5)      Pasal 55 (1) : Untuk mendapatkan surat izin sebagaimana dimaksud dalam Pasal 52, Tenaga Kefarmasian (Apoteker) harus memiliki :
a.       STRA,......yang masih berlaku
b.      Tempat atau ada tempat :
-          untuk melakukan Pekerjaan kefarmasian, atau
-          fasilitas kefarmasian atau
-          fasilitas kesehatan yang memiliki izin.
c.       rekomendasi dari Organisasi Profesi setempat

Pasal I.5  Pasal 6 : Pelaksanaan Peraturan Pemerintah ini dan hal-hal teknis lainnya yang belum diatur dalam Peraturan Pemerintah ini diatur lebih lanjut oleh Menteri Kesehatan.

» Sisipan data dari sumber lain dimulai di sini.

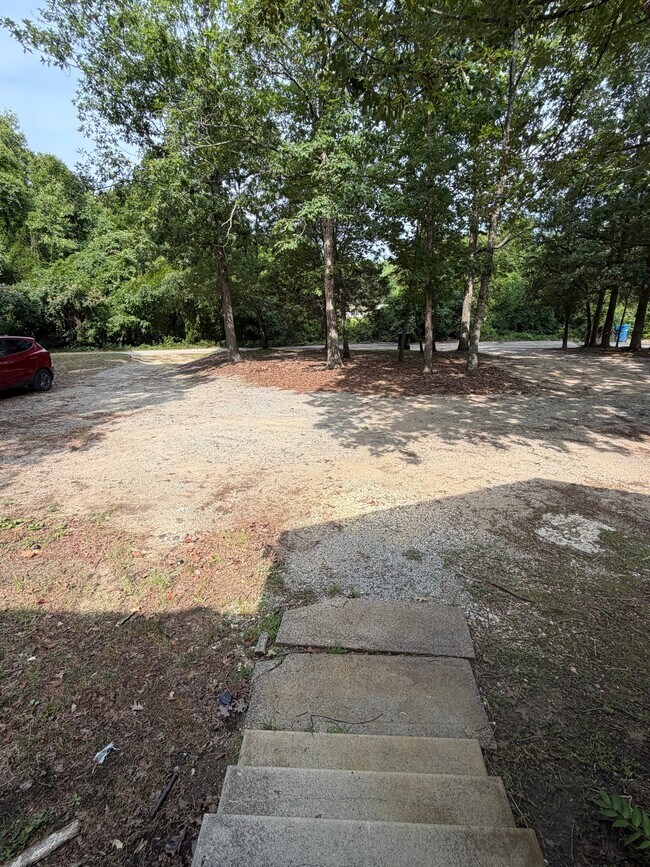Building Photo - 116 Oakspring Ln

Adalah telah dicabut dinyatakan dicabut dan selanjutnya diamanatkan oleh PP51/2009 berupa :
1)      Pasal 21 (4) : Ketentuan lebih lanjut mengenai standar pelayanan kefarmasian sebagaimana dimaksud pada ayat (1) menurut jenis Fasilitas Pelayanan Kefarmasian ditetapkan oleh Menteri.
2)      Pasal 29 : Ketentuan lebih lanjut mengenai pelaksanaan Pekerjaan Kefarmasian pada Fasilitas Pelayanan Kefarmasian sebagaimana dimaksud  dalam Pasal 27 [Pekerjaan Kefarmasian yang berkaitan dengan pelayanan farmasi pada fasilitas Pelayanan Kefarmasian wajib dicatat oleh Tenaga Kefarmasian sesuai tugas dan fungsinya] diatur dengan Peraturan Menteri.

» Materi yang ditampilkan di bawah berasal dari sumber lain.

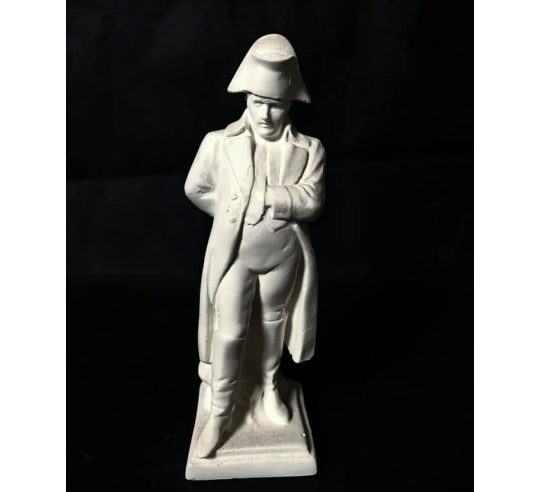 Statuette of General Napoleon Bonaparte hand in...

2.    Runutan Permenkes yang mengikutinya
Peraturan-peraturan Menteri Kesehatan sebagai konsekuensi perintah PP25 Tahun 1980 terutama Pasal I.3.b dan Pasal I.4 ayat (2) melahirkan Permenkes 922/MENKES/PER/X/1992 yang selanjutnya dirubah/disesuaikan menjadi Kepmenkes 1332/MENKES/SK/V/2002 tentang Ketentuan dan Tatacara Perizinan Apotek.

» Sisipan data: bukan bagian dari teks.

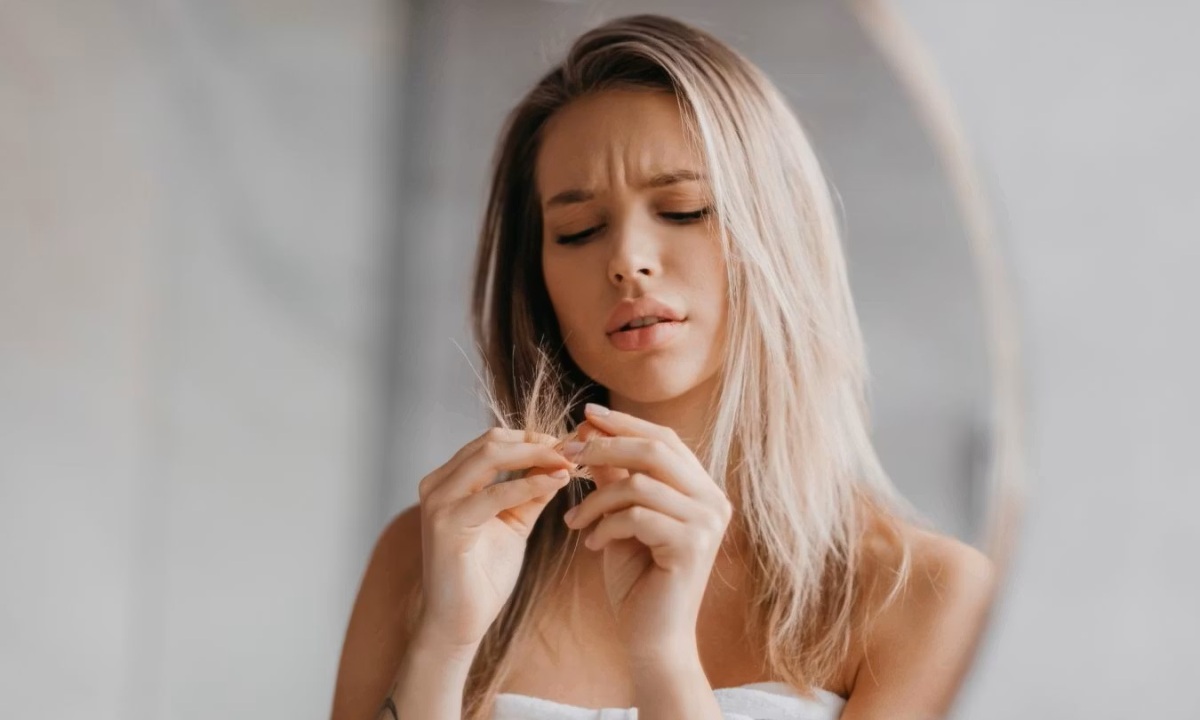 При каких симптомах нужно проверить кожу головы и волосы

Karena Permenkes 922/MENKES/PER/X/1992 yang selanjutnya dirubah/disesuaikan menjadi Kepmenkes 1332/MENKES/SK/V/2002 tentang Ketentuan dan Tatacara Perizinan Apotek (yang melahirkan SIA) adalah merupakan perintah dan menjadi bagian dari Pasal I.3.b dan Pasal I.4 ayat (2) yang merupakan substansi administratif dari PP25/1980 sudah dicabut dan dinyatakan tidak berlaku oleh Pasal 63 PP51/2009 tentang Pekerjaan Kefarmasian; maka Permenkes 922/MENKES/PER/X/1992 yang selanjutnya dirubah/disesuaikan menjadi Kepmenkes 1332/MENKES/SK/V/2002 tentang Ketentuan dan Tatacara Perizinan Apotek (yang melahirkan SIA) juga telah dicabut dan dinyatakan tidak berlaku.

B.      BAGAIMANA PERIZINAN SEHARUSNYA ?
Dengan telah diterbitkannya Permenkes 889/MENKES/PER/V/2011 tentang Registrasi, Izin Praktik dan izin Kerja Tenaga Kefarmasian maka :
1. Perizinan Apotek (SIA) sudah tidak memiliki landasan hukum yang dapat dipertanggungjawabkan
2.  Perizinan Praktik Apoteker (SIPA) merupakan perintah peraturan perundangan yang berlaku.